Web

Präzedenzurteil zum Jahr-2000-Problem

20.10.1999
LG Leipzig: Softwarehaus muß nachbessern

MÜNCHEN (COMPUTERWOCHE) - Das Landgericht (LG) Leipzig hat mit seiner Entscheidung vom 23. Juli 1999 das erste Urteil zur Frage der Jahr-2000-Fähigkeit von Software getroffen.

Hintergrund war der Streit um ein Programm zur Steuerung der Haustechnik eines Gebäudes, welches auf Basis eines Werkvertrags 1993 individuell erstellt worden war, ohne daß dabei die Jahr-2000-Fähigkeit ausdrücklich vereinbart wurde. Diese Software, die 870 000 Mark kostete, arbeitete zwar seit der Abnahme 1994 störungsfrei, ist aber nicht Jahr-2000-fest. Der Softwarehersteller hatte ein kostenloses Upgrade mit Hinweis auf die seiner Meinung nach eingetretene Verjährung abgelehnt.

Das LG Leipzig schloß sich dieser Auffassung nicht an und verpflichtete den Softwarehersteller, das Programm entsprechend zu ändern beziehungsweise anzupassen, um die Jahr-2000-Fähigkeit zu gewährleisten. In der Urteilsbegründung heißt es unter anderem: "Ob bei Verträgen die Jahr-2000-Fähigkeit vereinbart wurde oder nicht, ist jeweils im Einzelfall zu bestimmen. Relevant hierfür sind die übliche Nutzungsdauer der Software, der Vertragszweck und auch das Projektvolumen."

Zur Frage des Fehlers (im juristischen Sinne) heißt es: "Für das Vorliegen des Fehlers ist unerheblich, ob das Programm völlig zum Erliegen kommt oder ob es nur zu einigen Fehlfunktionen kommen wird. Unstreitig wird es jedenfalls zu nicht nur ganz unerheblichen Gebrauchsbeeinträchtigungen kommen."

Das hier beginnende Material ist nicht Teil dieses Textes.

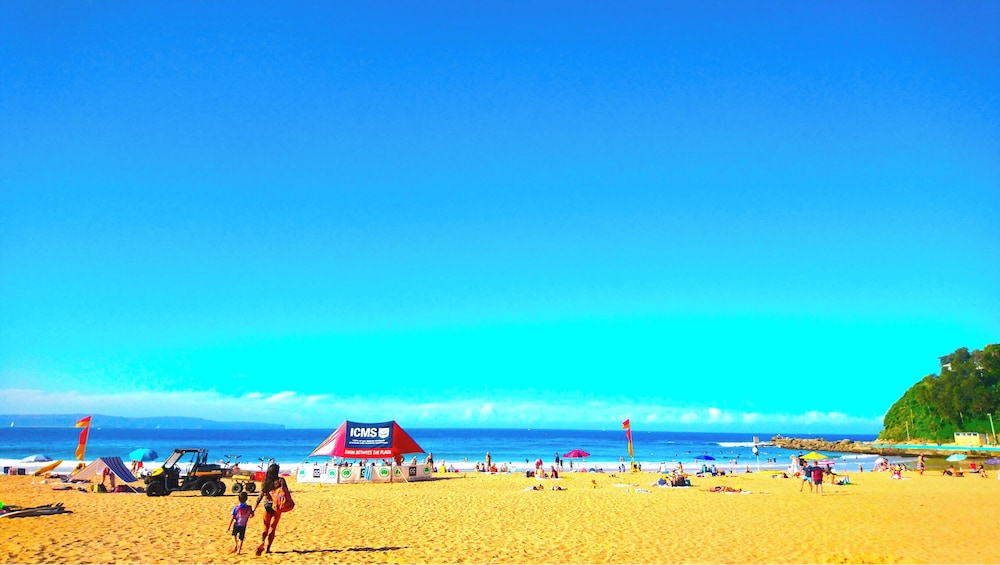 Beach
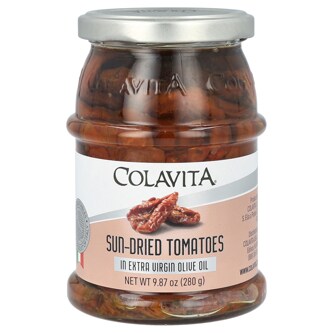 Colavita Sun-Dried Tomatoes In Extra Virgin Olive Oil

Im Zusammenhang mit der Jahr-2000-Fähigkeit von Software sei davon auszugehen, daß die damit verbundene Problematik erstmals im Jahre 1993 durch einen Aufsatz in einer amerikanischen Fachzeitschrift wahrgenommen wurde. Man könne demnach davon ausgehen, daß in Deutschland im Jahre 1993 "allgemein nicht Jahr-2000-feste Programme verkauft wurden".

Ohne Zweifel sei aber das fragliche Programm zur Steuerung der Haustechnik für eine längere, jedenfalls weit über den Zeitraum von fünf Jahren hinausgehende Nutzungsdauer vorgesehen. Dafür spreche auch der hohe Preis. Daher bedeute die vereinbarte Gewährleistungsfrist von fünf Jahren nicht, daß das Programm danach nicht funktionieren müsse. Da die Mängelanzeige innerhalb der Gewährleistungsfrist erfolgt sei, trete keine Verjährung ein, so daß der Softwarehersteller verpflichtet sei, die Jahr-2000-Fähigkeit des Programm kostenlos herzustellen.

Mit dieser ersten Entscheidung eines deutschen Gerichts zur Jahr-2000-Fähigkeit von Software werden einige der bislang offenen Fragen beantwortet. Besonders hervorzuheben ist hierbei die Aussage des Gerichts, daß das Jahr-2000-Problem frühestens 1993 bekannt gewesen ist beziehungsweise als bekannt gelten kann. In der einschlägigen Literatur ging man bislang davon aus, daß die Problematik in der Informatik bereits seit 1988 bekannt war. Diese Auffassung gründet sich nicht zuletzt auf die ISO-Norm 8601, die die Datumsdarstellung in Programmen mit vierstelliger Jahresangabe vorsah.

Das LG Leipzig seinerseits nennt in diesem Zusammenhang den Aufsatz von de Jaeger in der Computerworld - der Mutterpublikation der "COMPUTERWOCHE"- vom 6. September 1993 als Quasi-Referenzdatum, wobei es auch noch eine mögliche Verzögerung des Informationsflusses bis nach Deutschland annimmt. Es bleibt allerdings abzuwarten, ob die Argumente des LG Leipzig von anderen Gerichten bestätigt werden. Das Urteil ist noch nicht rechtskräftig ist und dürfte auch noch den Bundesgerichtshof (BGH) beschäftigen.